Philip Wexler
Founding Director Emeritus
Philip Wexler (1943-2023), the founding executive director of IJSS, was emeritus Professor of Sociology and Unterberg Chair in Jewish Social and Educational History at the Hebrew University of Jerusalem. A graduate of New York University and received his PhD from Princeton University, Wexler was a renowned teacher who devoted his long career to studying the role of education and spiritual practices in the construction of identity. He was especially concerned with counteracting the modern sense of alienation that increasingly erodes self, relationships, and community. Wexler served as Dean of the Margaret Warner Graduate School of Education and Human Development at the University of Rochester, NY (1989-2000), yet, while at the height of a successful career, he was intellectually restless. The modern academy was now so specialized that sociology was at risk of simply repeating old ideas without finding new solutions. Wexler felt compelled to make a mid-career pivot, and start out on a new path. This had much to do with a growing coherence about his own identity as a Jew and a descendent of rabbis, and with his discovery of the socio-mystical teachings of Hasidism. But it was also informed by his deep reading of the founding fathers of sociology, Max Weber and Émile Durkheim, who grounded their study of society in the study of religion.

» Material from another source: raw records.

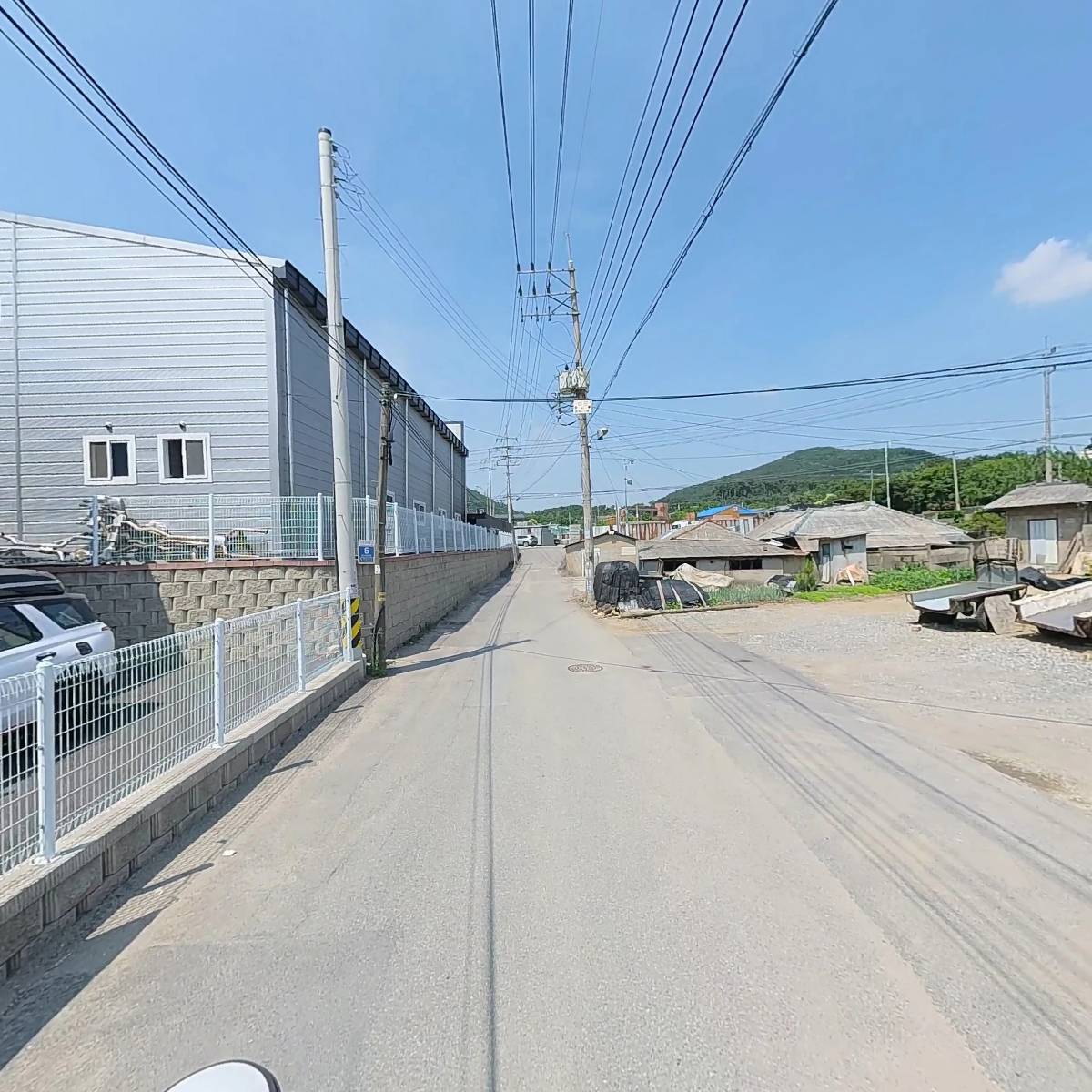 카포먼스 본점_2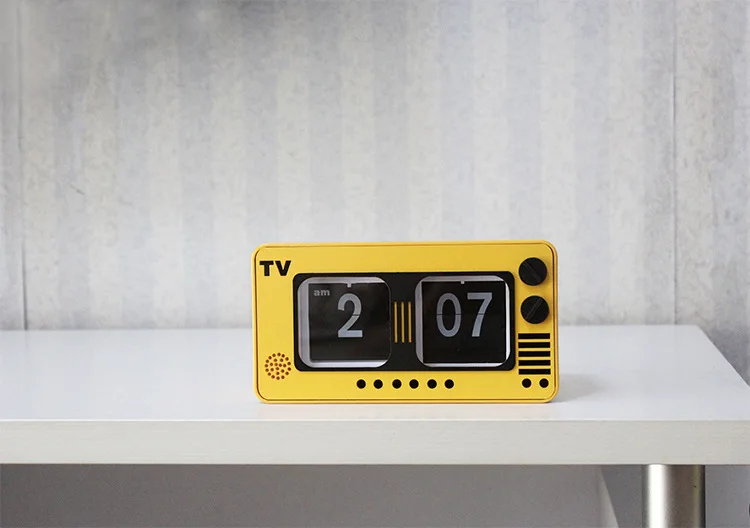 10915199891_1147894199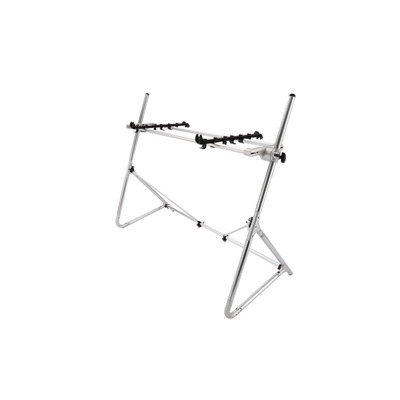 Стійка клавішна SEQUENZ STD-M-SV Зображення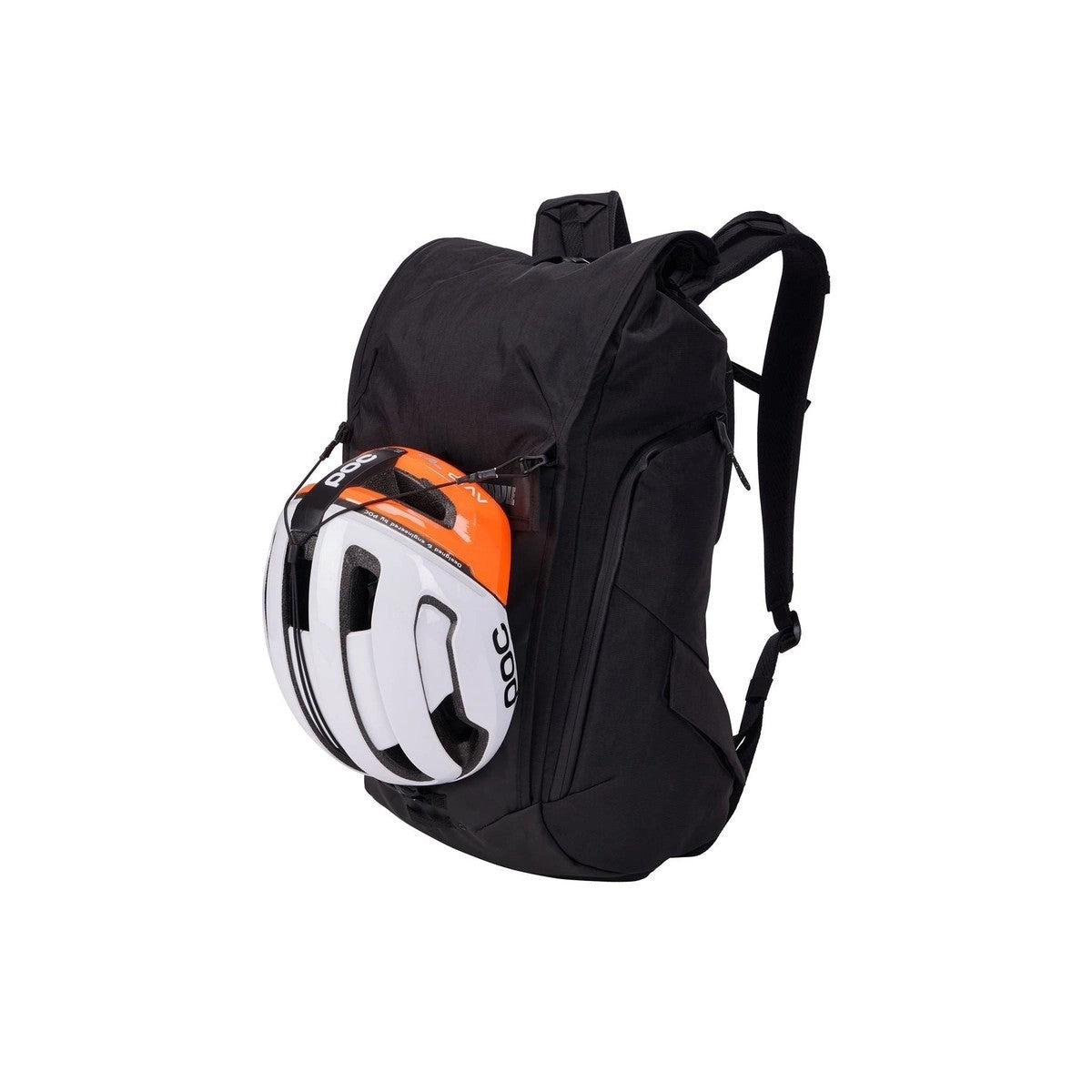 ThuleParamountbikecommutebackpackblack20L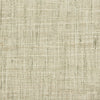 Stout Renzo Sandstone Fabric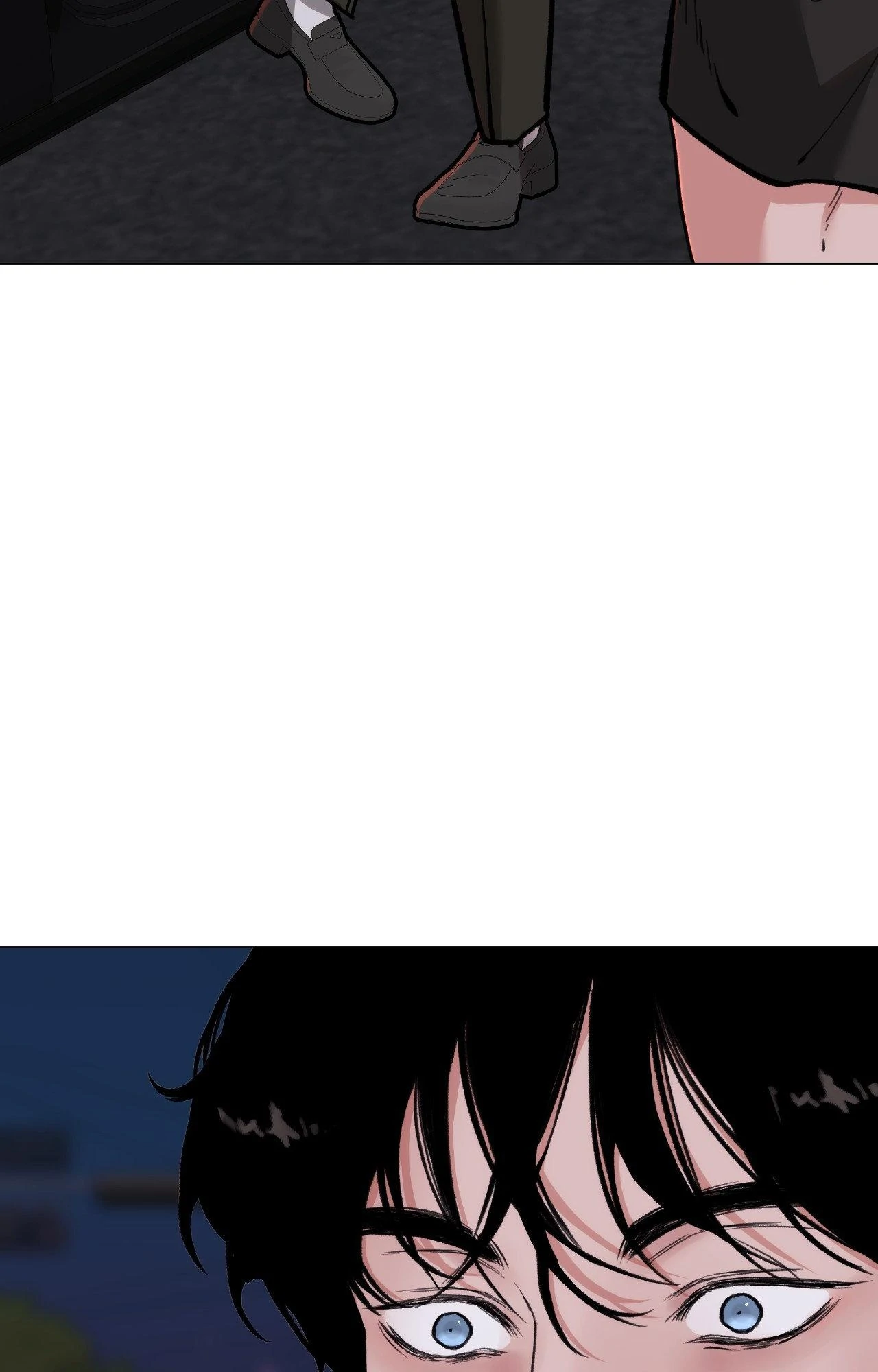 2020 [Official] - Chapter 49 manhwa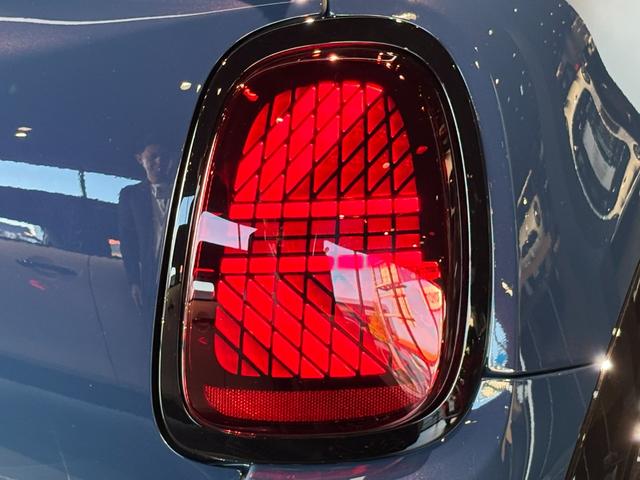 ＭＩＮＩ クーパーＳコンバーチブルジョンクーパーワークストリム（35枚目）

In 2001, Wexler went on leave from the University of Rochester and took up a fellowship at the Shalom Hartman Institute in Jerusalem. Soon afterwards he was appointed Professor of Sociology of Education, and then Unterberg Chair in Jewish Social and Educational History at Hebrew University, also serving as the Director of the School of Education at that same institution (2002-2010). During 2008-2009 he convened a year-long international working group at the Institute of Advanced Studies in Jerusalem. In subsequent years he served as a visiting professor at Brandeis University in the United States, and at the Bergische University of Wuppertal in Germany. One of the preeminent sociologists of his time, Wexler wrote and edited more than fifteen books and dozens of scholarly articles. He also served as a mentor to hundreds of students and colleagues, many of whom went on to forge distinguished scholarly careers of their own.